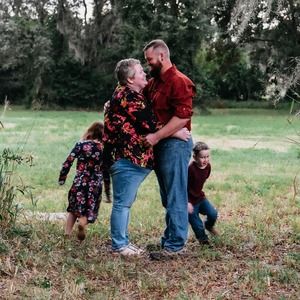 Meet your Posher, Lara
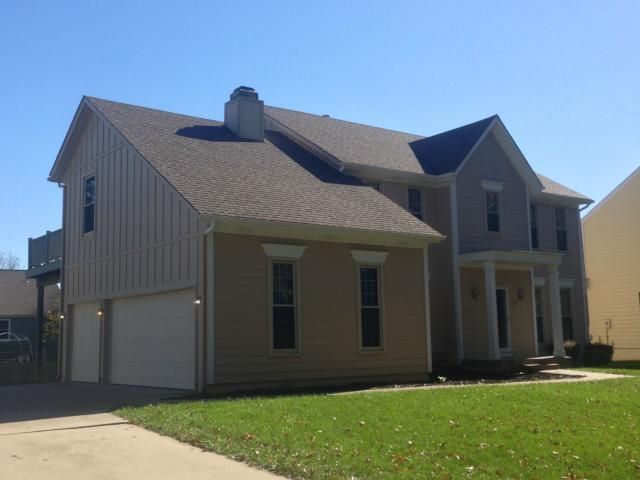 11607 Summit St, Kansas City, MO 64114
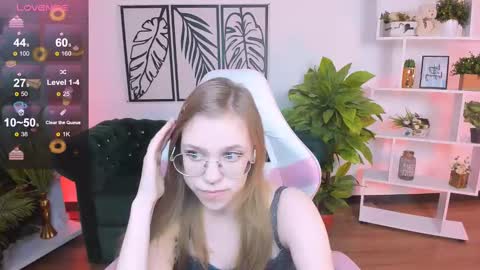 Snapshot of layriantavee chatting on February 2025 06:54:01 AM layriantavee online show from February 2025 06:54:01 AM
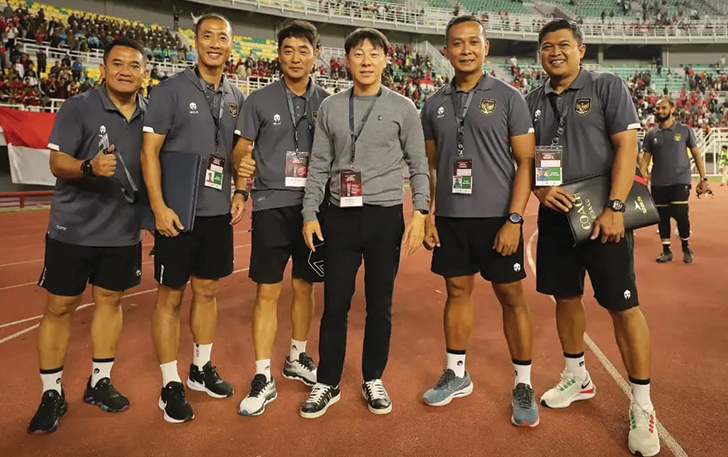 ACUNGI JEMPOL: Haryanto &ldquo;Tommy&rdquo; Prasetyo (paling kiri) bersama Shin Tae-yoong.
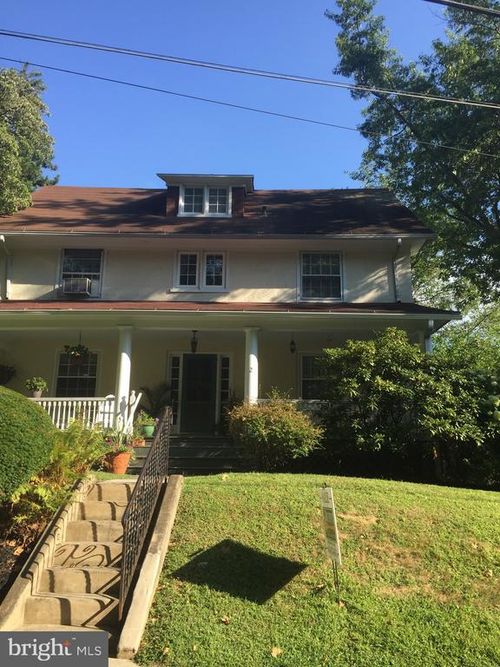 2 Chestnut Ave, NARBERTH, PA, 19072-2402 | Card Image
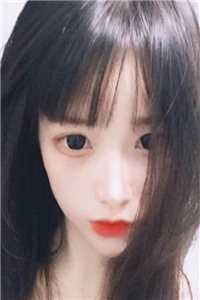 轻抚蔷薇满院香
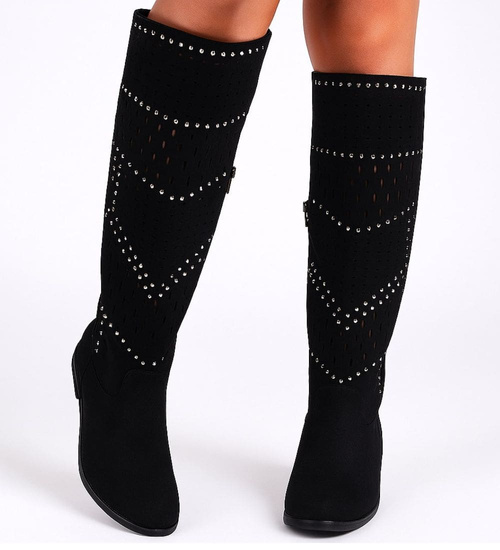 Ażurowe czarne kozaki na niskim koturnie /B6-1 16209 T343/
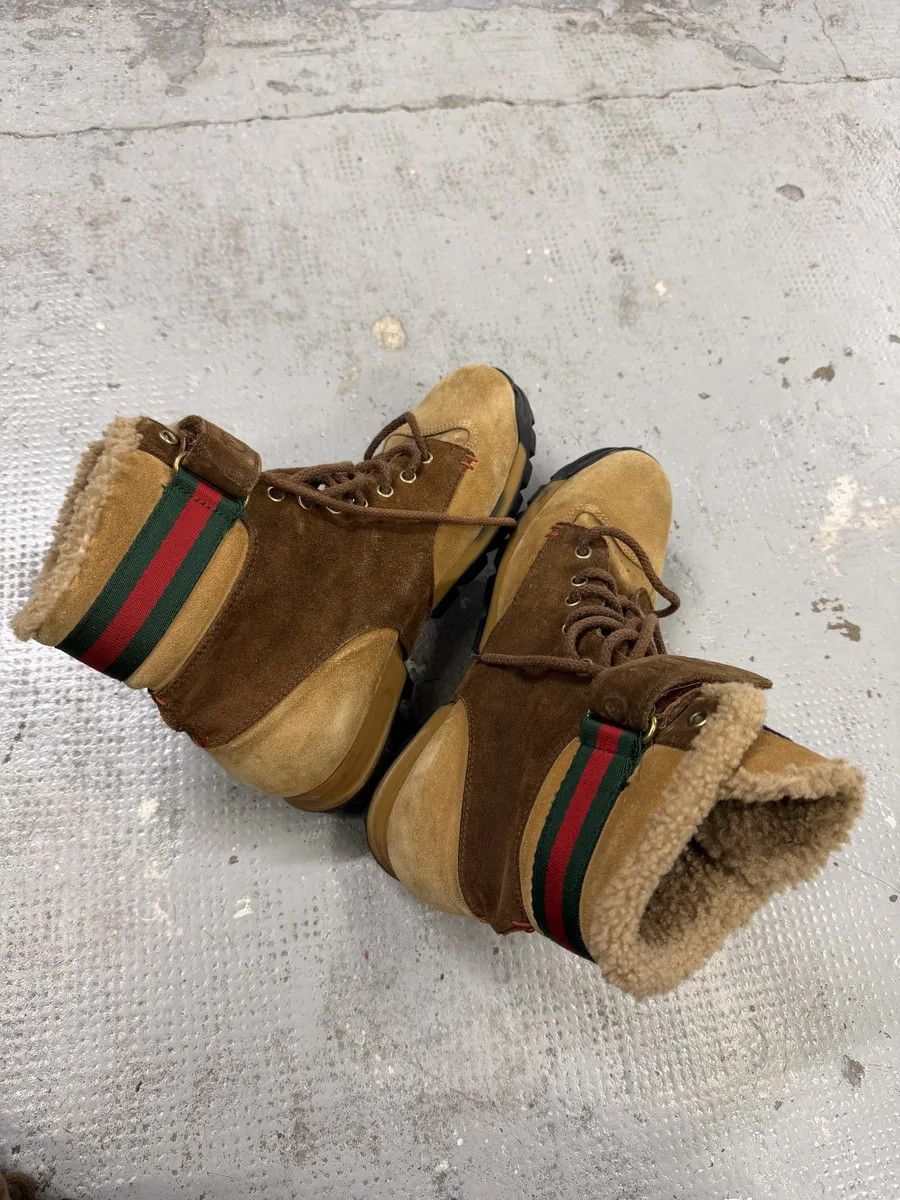 Gucci 2000s Gucci Beige & Brown Shearling Boots Size US 8.5 / EU 41-42 - 4 Thumbnail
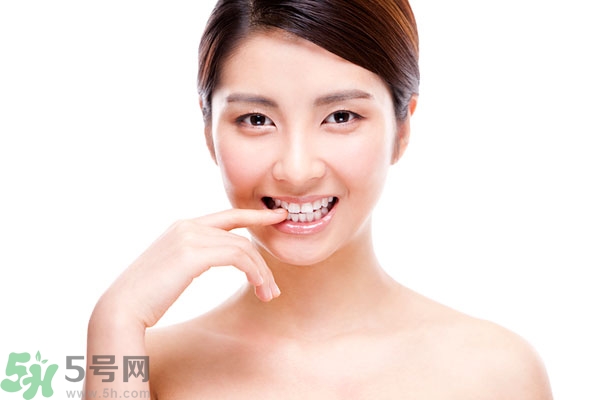 寶寶為什么喜歡咬指甲？寶寶咬指甲是怎么回事？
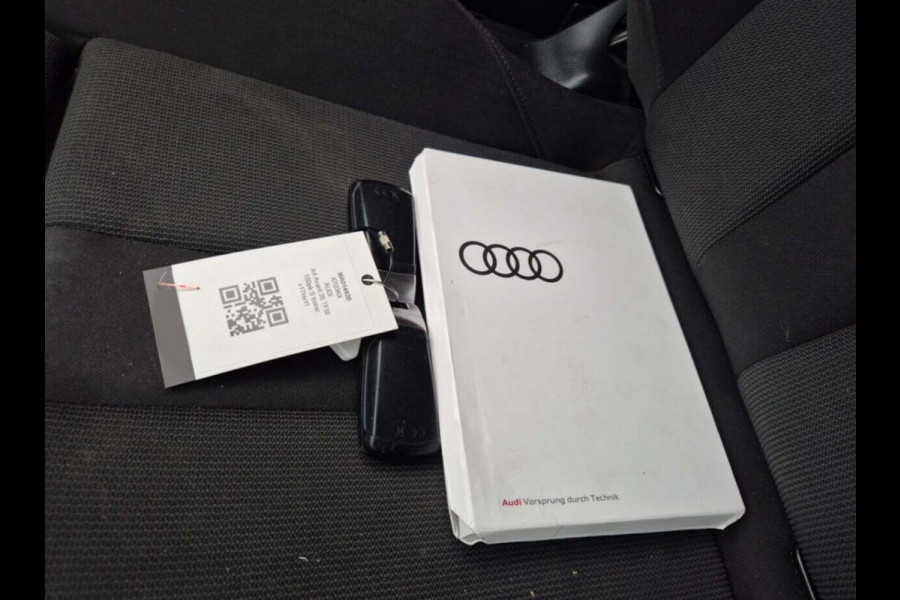 Audi A4 Avant 35 TFSI Aut. Business Sport | Trekhaak | Navi | Keyless |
++++++
■ WHAT TO DO:
A word-for-word copy is needed of the lines from the line with "Gucci 2000s Gucci" through the last line of the entries above, with both ends kept and the pictures dropped.

■ WORKED SOLUTION:
 Gucci 2000s Gucci Beige & Brown Shearling Boots Size US 8.5 / EU 41-42 - 4 Thumbnail
 寶寶為什么喜歡咬指甲？寶寶咬指甲是怎么回事？
 Audi A4 Avant 35 TFSI Aut. Business Sport | Trekhaak | Navi | Keyless |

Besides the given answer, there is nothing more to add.